__What the task requires__. Only an exact repeat of the listing, without its images, counts as the answer.

__Exercise data__.
# # # #
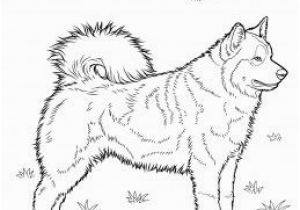 Cute Husky Puppy Coloring Pages Dog Color Pages Printable Husky Coloring Page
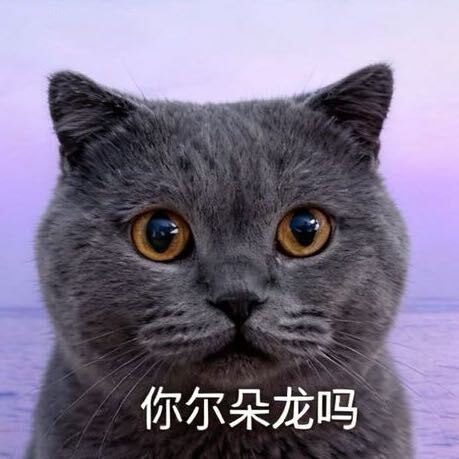 丁特玲娜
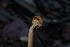  ( - FDS-CA-05505)  @11 [ ] by-nc (2025) Unspecified Fungal Diversity Survey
# # # #
__Response__.
 Cute Husky Puppy Coloring Pages Dog Color Pages Printable Husky Coloring Page
 丁特玲娜
  ( - FDS-CA-05505)  @11 [ ] by-nc (2025) Unspecified Fungal Diversity Survey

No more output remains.